Si bien es justo reconocer que una gran parte de la Circunvalación mantiene una carpeta asfáltica en buenas condiciones, también es evidente que existen sectores -especialmente aquellos con pavimento en bloques, ejecutados originalmente bajo el criterio de mayor durabilidad- que hoy generan saltos, vibraciones y maniobras bruscas. Los estudios técnicos han sido claros. Esos sistemas ya cumplieron su ciclo y deben ser reemplazados por soluciones modernas de asfalto y pavimento que garanticen una circulación más segura, homogénea y previsible.

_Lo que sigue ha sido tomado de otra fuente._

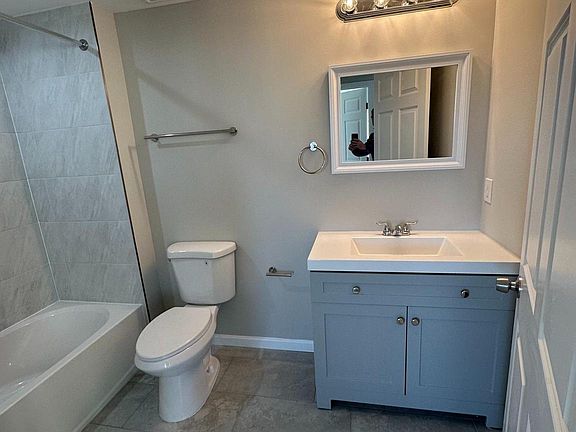 4th image of 1812 H Pl NE #104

Estas intervenciones se inscriben dentro de un plan integral de mejora del estado de la Circunvalación, orientado a convertirla en una avenida más segura. En los últimos tiempos se avanzó con la reparación de defensas, la mejora de sectores puntuales y la incorporación de cartelería con límites de velocidad y recomendaciones viales. Sin embargo, el problema de fondo sigue siendo la calzada, y allí es donde los tiempos de obra cobran una relevancia central.

Vialidad Provincial ya inició los trabajos preparatorios que desembocarán en el reasfaltado del anillo interno, pero todavía no ha licitado la repavimentación programada. Actualmente las tareas se concentran en el sellado de grietas y fisuras sobre la carpeta existente, una etapa previa fundamental para evitar que las imperfecciones actuales se reflejen luego en la nueva superficie. Se trata de un trabajo técnico necesario, que contempla los distintos tipos de estructura vial presentes en Circunvalación, tanto en sectores de pavimento flexible como en tramos de hormigón que también recibirán asfalto.

La intervención prevista abarca la totalidad del anillo interno, incluida la zona norte que había sido objeto de obras años atrás. En esta nueva etapa se aplicará un pavimento asfáltico flexible de manera uniforme, con el objetivo de mejorar sustancialmente las condiciones de circulación y prolongar la vida útil de la traza. En paralelo, una empresa ejecuta obras en rampas de acceso y egreso, lo que permitirá acelerar los tiempos cuando comience la pavimentación propiamente dicha.

El estado actual de la avenida no admite dilaciones. Cada día de demora implica mayor desgaste, más riesgos y una experiencia de tránsito deficiente para miles de usuarios. Agilizar estos trabajos, con la celeridad que corresponde a una obra esencial, no es solo una cuestión de infraestructura, es una decisión de seguridad vial y de respeto por quienes usan a diario una de las principales vías de San Juan.